We have three main goals this summer:

  1. Migrate some of our data collection and analysis to the web, so that we’re not tied to one particular media player and all of its headaches
  2. Actually build and test the video quality assessment system that we’ve hinted at for years now
  3. Come up with heuristics:  basically, what should networks/media servers/etc do when all signs point to future degraded quality for a stream?  what are the rules of thumb that network operators, service providers, etc. should follow in these circumstances?

I’m excited because what we’re really doing is attempting to put into practice all of the things we’ve spent the last 10 years proving conceptually.  This is what we’ve been working towards, and as a former engineer I’m excited that we can finally build this thing and see what happens!  It’s been a while since I’ve done any systems-related work, and I expect there to be many roadblocks, but it will be fun to get back to that part of my work.

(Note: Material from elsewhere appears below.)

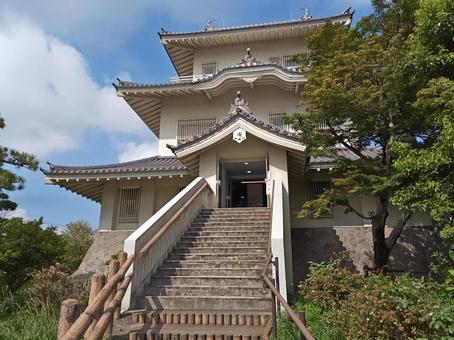 晴れた日の騎西城天守閣(埼玉県加須市) 晴れた日の騎西城天守閣(埼玉県加須市)の写真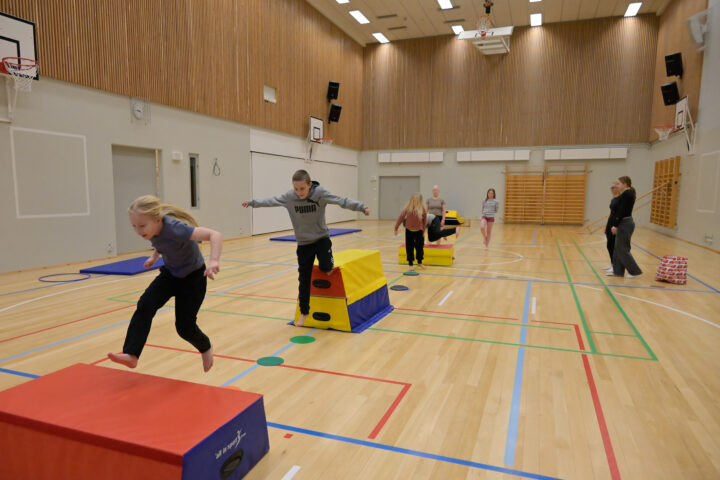 Esteradalla harjoitellaan ylityksiä.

Like last summer, I hope to update you on how things are going, and specifically how this group of students is progressing.  I’m sure I’ll have some new thoughts on the care and feeding of undergraduate researchers as well.

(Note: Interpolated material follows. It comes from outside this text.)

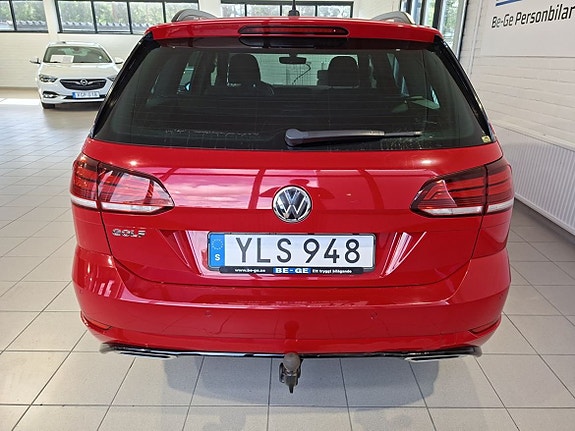 Volkswagen Golf VII 11 of 15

Hard work and success and the difference between the two

Ah, June, when the thoughts of Carleton faculty turn to…frantic grading frenzies.  It’s the end of the term, I’m neck-deep in grading, and of course my thoughts are all about…grading.  And grades.  And student responses to them.

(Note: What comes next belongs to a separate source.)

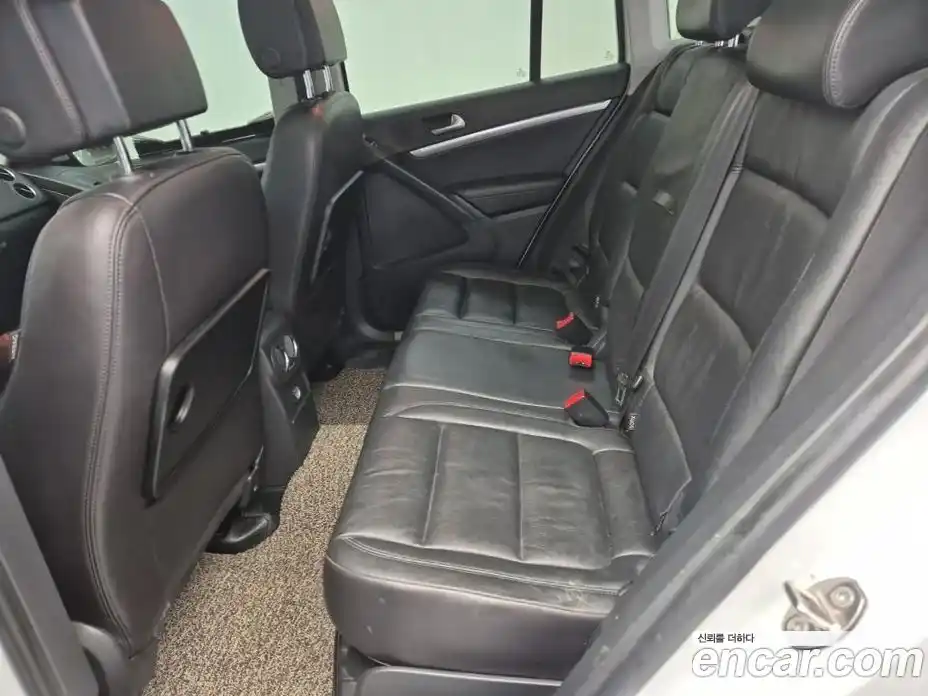 Volkswagen Tiguan 2016 2.0 Автомат в Москве № 169295, фото 12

Tonight I’m pondering student responses to grades that are lower than hoped for or expected.  Specifically, once in a while I’ll have a student meet with me to discuss a grade, and in the course of the conversation the student will say “But I worked so hard on this, so why did I do so poorly?”  Or “I studied for days for the test, so why didn’t I get an A?”

Hard work is no doubt important to success; some might argue a necessary condition.  But it’s not a sufficient condition.  And students don’t always get this.

I just got a grant proposal rejected (with no reviewer feedback! none!).  I worked very hard, and many long hours, on it.  Of course I wanted it to be funded, but realistically I knew that the reviewers could care less how much time I spent on it—if it’s not what the funding agency deems important, or good science, it’s not going to be funded, no matter how brilliant it is (ha).

I’ve been going many rounds with a journal on a paper I submitted back in 2008 (!!).  I’ve worked extraordinarily hard on that paper (repeatedly).  But it’s not quite what the reviewers want, so it keeps coming back as “revise and resubmit”.  (It would help, of course, if the reviewers did not change every. single. review. cycle., but that’s another story for another day.)  So I keep working hard on it and hoping I get it right the next time around.

And I won’t even go into how many hours I’ve put into certain class plans that never saw the light of day….or did see the light of day and bombed spectacularly.

Failure, and failing, is a part of life.  To effectively function as an adult, you need to be able to deal with failure, and to be willing to put in hard work on things that may never come to fruition (or may fail spectacularly, or just a little).  If I got derailed every time my hard work didn’t pay off, I’d be paralyzed as a professional. So I worry when I hear students say these things.

The thing is, I’m not sure how to best get this point across.  Because it IS a bummer when you put in 15-20 hours on a project, do beautiful work, and completely miss the point of the project.  Or study until you know the course material like the back of your hand, but answer the wrong question on the exam.  But as sucky as it is, that’s life, and learning how to deal with these and bigger disappointments in the more sheltered world of college is much, much better than learning to deal with the crueler disappointments and bigger failures beyond the college bubble.

So next time a student says “But I worked so hard!”, maybe I’ll pull out one of my own stories of failure after hard work. Maybe the student will roll his/her eyes (internally or externally).  Maybe s/he’ll nod, and then go back to pleading the case at hand.  But maybe, for some students, this will be an effective way of saying “keep working hard—it won’t always pay off as you hope, but it will always pay off in the long run.”